Thanks for your PR. Could you help me understand the issue? GelfTCPSender was synchronized once but that lead to performance issues for some users. I currently do not understand why synchronization could solve the issue. SocketChannelImpl synchronizes writes internally (see SocketChannelImpl.write).

Reviewing my code, I found AbstractNioSender.channel is not volatile so a synchronization might resolve visibility issues but adding volatile to AbstractNioSender.channel is required anyways to resolve possible visibility issues with the other senders.

I'm also not sure whether SO_SNDBUF might be an issue. If the send buffer is full it won't accept any data. I'm not sure what happens in such case, the socket could either block or throw an IOException. If it's the exception, then the socket gets closed and reopened what could cause package loss.

@koeff
Copy link
Author

koeff commented Oct 5, 2016

Ok, I'll try to explain the problem (sorry for my English).
I used logstash-gelf in one project, and sometimes there are errors in the graylog's logs:
2016-09-22T10:24:10.039+03:00 ERROR [DecodingProcessor] Error processing message RawMessage{id=56e8539a-8089-11e6-ae01-002590da0246, journalOffset=-9223372036854775808, codec=gelf, payloadSize=1298, timestamp=2016-09-22T05:56:43.832Z, remoteAddress=/192.168.1.12:43523} com.fasterxml.jackson.core.JsonParseException: Unexpected character ('_' (code 95)): was expecting a colon to separate field name and value at [Source: {"_Severity":"INFO","short_message":"...
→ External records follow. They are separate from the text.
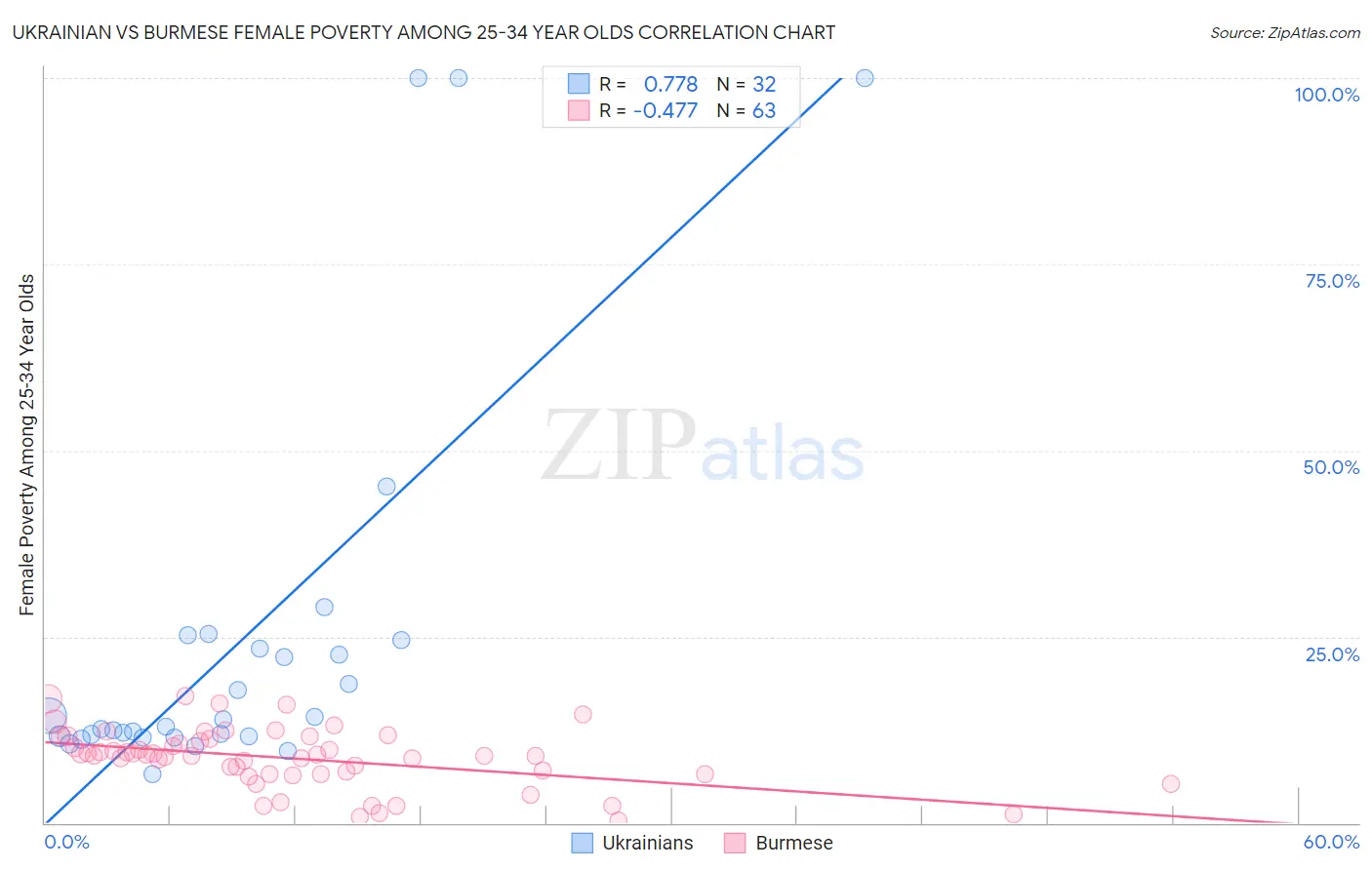 Ukrainian vs Burmese Female Poverty Among 25-34 Year Olds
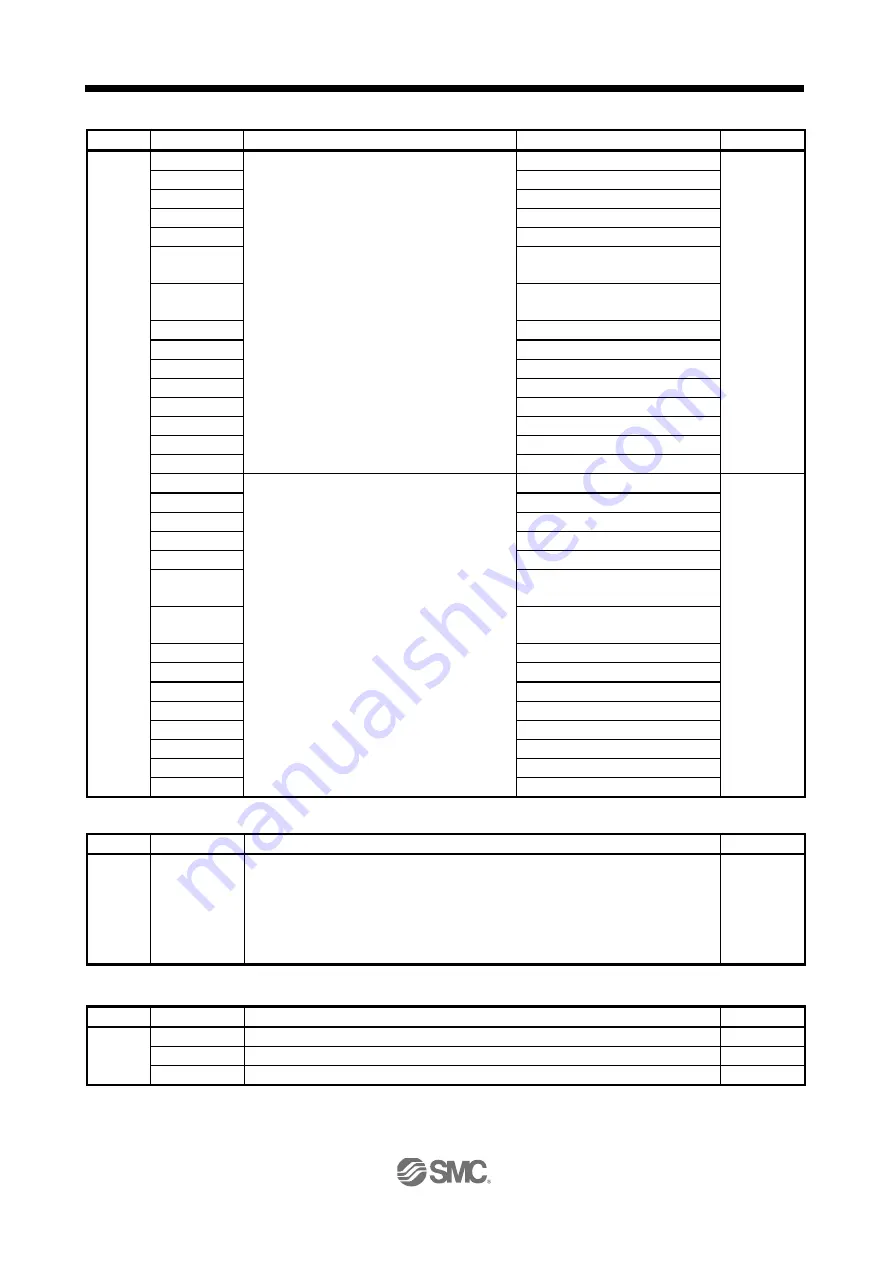 SMC Networks LECSB Series Operation Manual Download Page 316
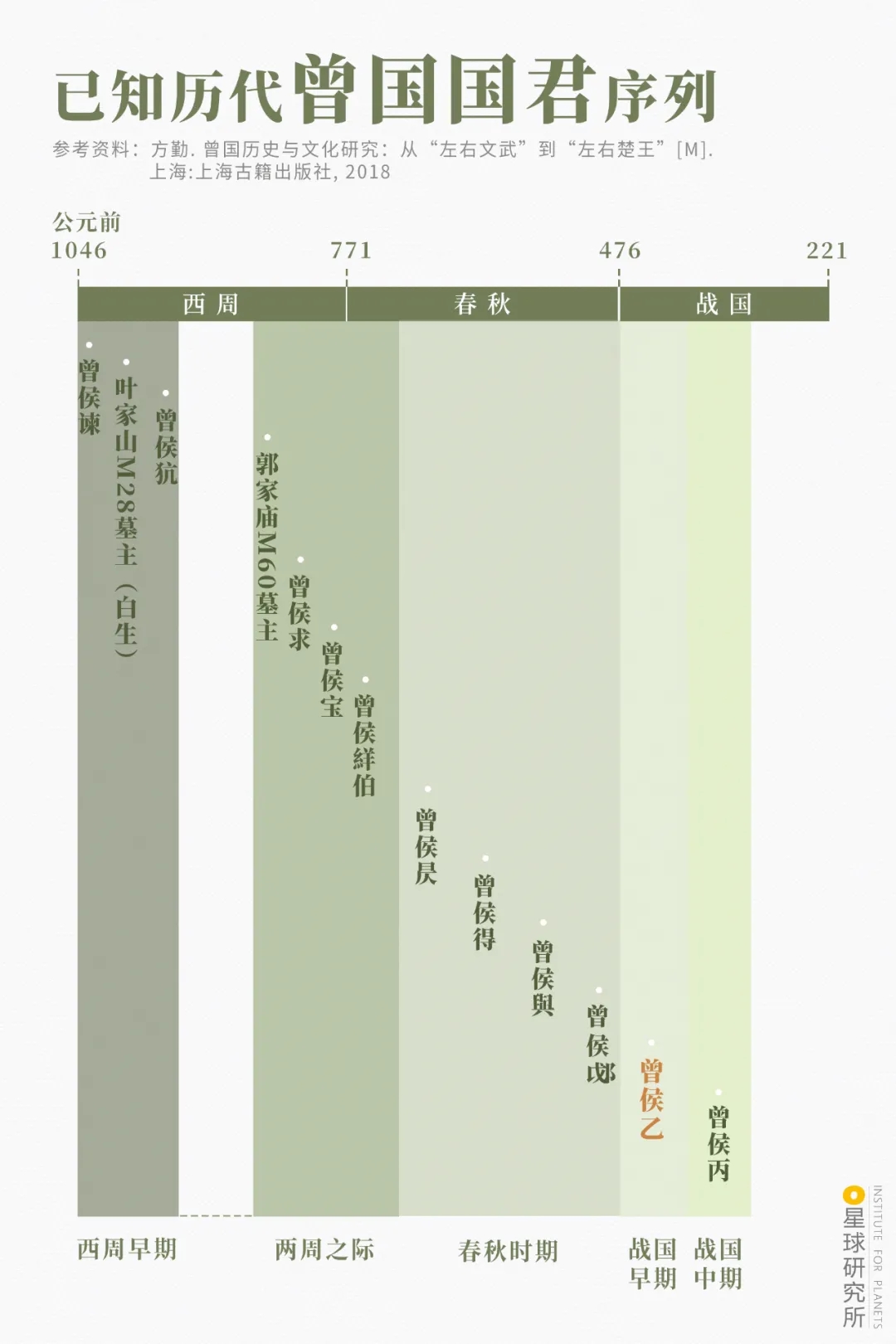 已知?dú)v代曾國國君序列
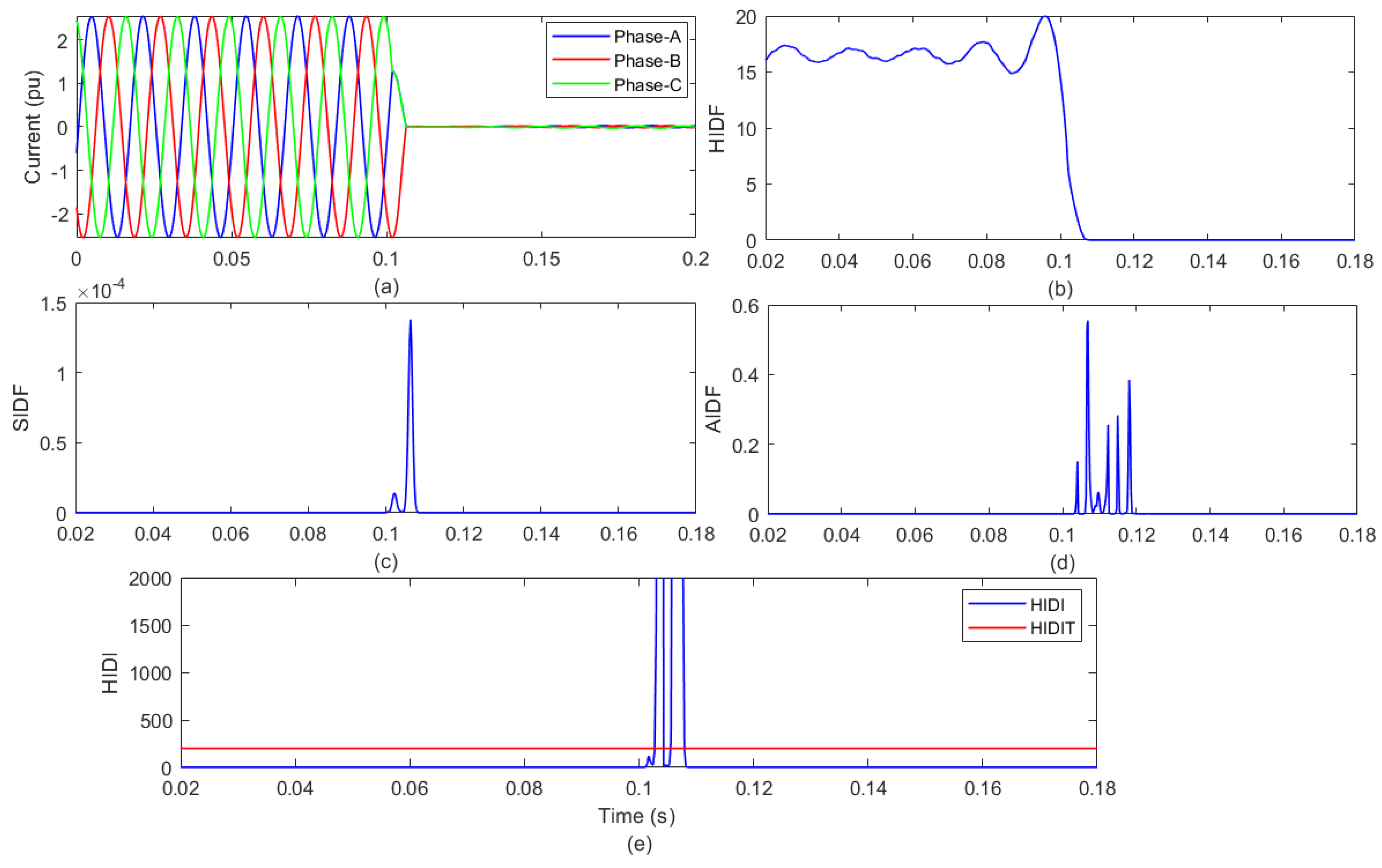 Energies 17 00877 g006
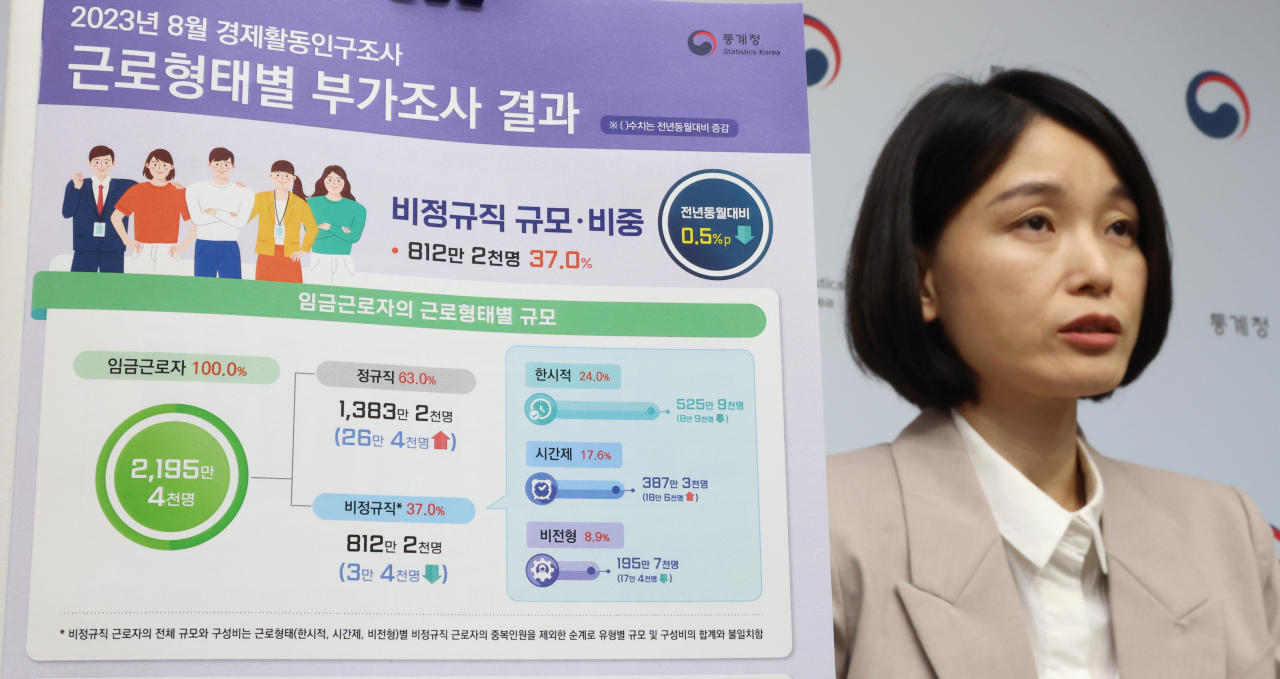 임경은 통계청 고용통계과장이 24일 오전 세종시 정부세종청사에서 2023년 8월 '경제활동인구 근로형태별 부가조사' 결과를 발표하고 있다. 연합뉴스
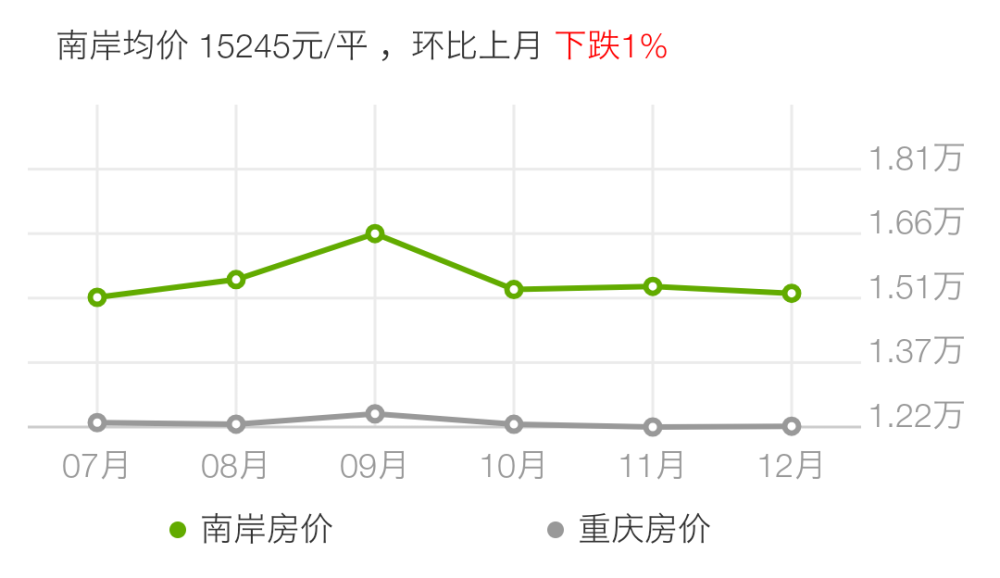 塘渡口gdp(3)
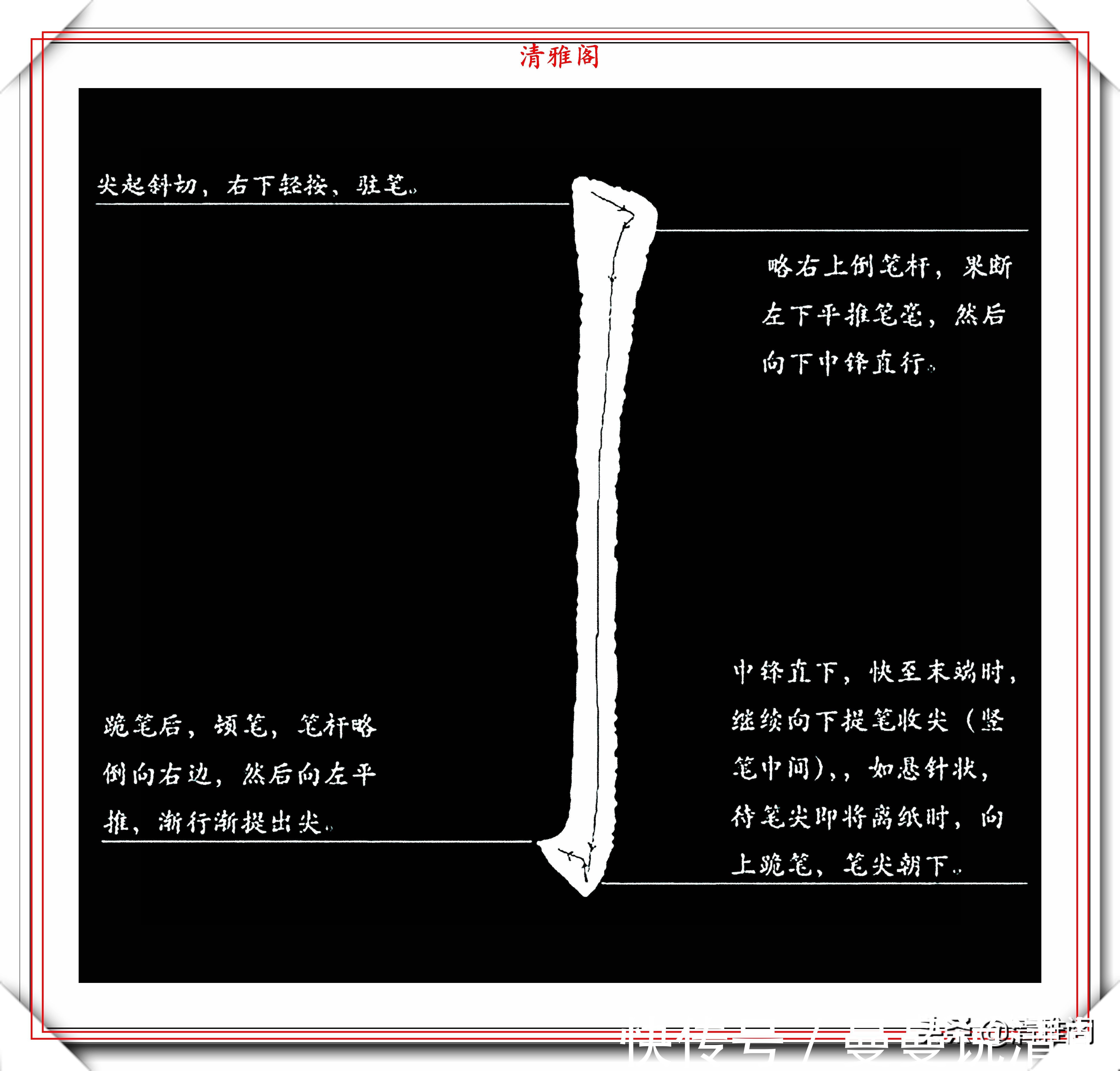 笔画|欧体楷书的29种笔画写法演示教程，学欧楷的首选教材，请收藏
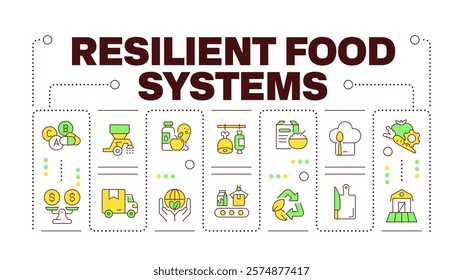 Resilient food systems word concept isolated on white. Ecology preservation, natural products. Creative illustration banner surrounded by editable line colorful icons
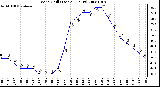 Milwaukee Weather Wind Chill (Last 24 Hours)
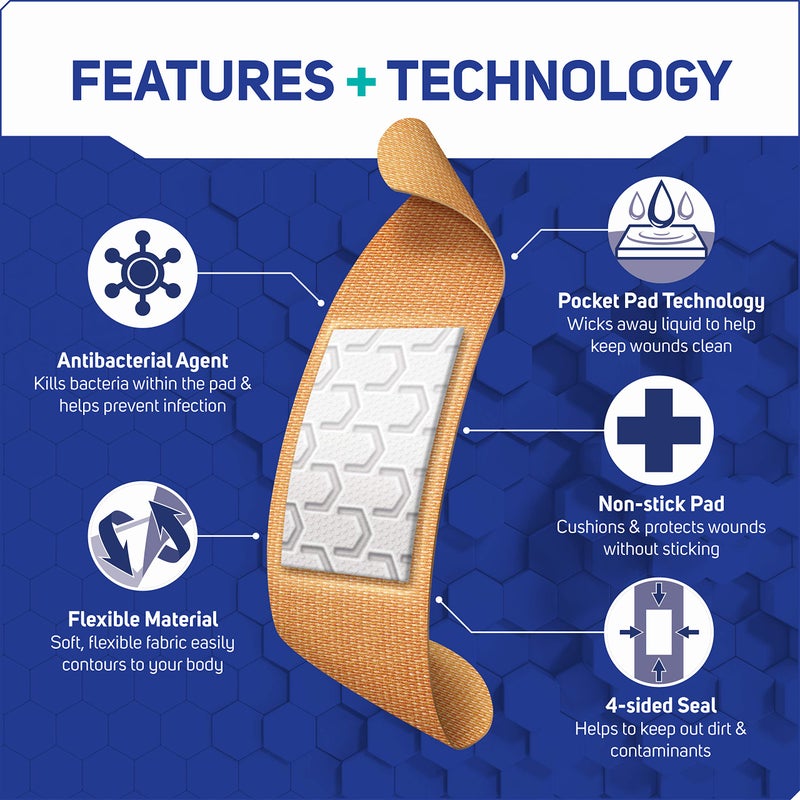 Care Science Fabric Adhesive Bandages, 200 ct Bulk Assorted Sizes | Flexible + Breathable Protection for First Aid and Wound Care - Image 3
So I made research. sniffed traffic from application (which used logstash-gelf) and found, that some gelf messages are broken. This occurs then application sends a lot of messages in a short time. Usually it looked like one incomplete gelf message and next complete gelf message like this:
{"_Severity":"INFO","short_messa{"_Severity":"INFO","short_message":"...<complete gelf message>}

Yes. SocketChannelImpl synchronizes writes internally. But GelfTCPSender uses socketChannel in non-blocking mode (socketChannel.configureBlocking(false);). Javadoc of write method says: "...Some types of channels, depending upon their state, may write only some of the bytes or possibly none at all. A socket channel in non-blocking mode, for example, cannot write any more bytes than are free in the socket's output buffer."
socketChannel.write(byteBuffer) - in non-blocking mode it does not guarantee, that all buffer data will be written.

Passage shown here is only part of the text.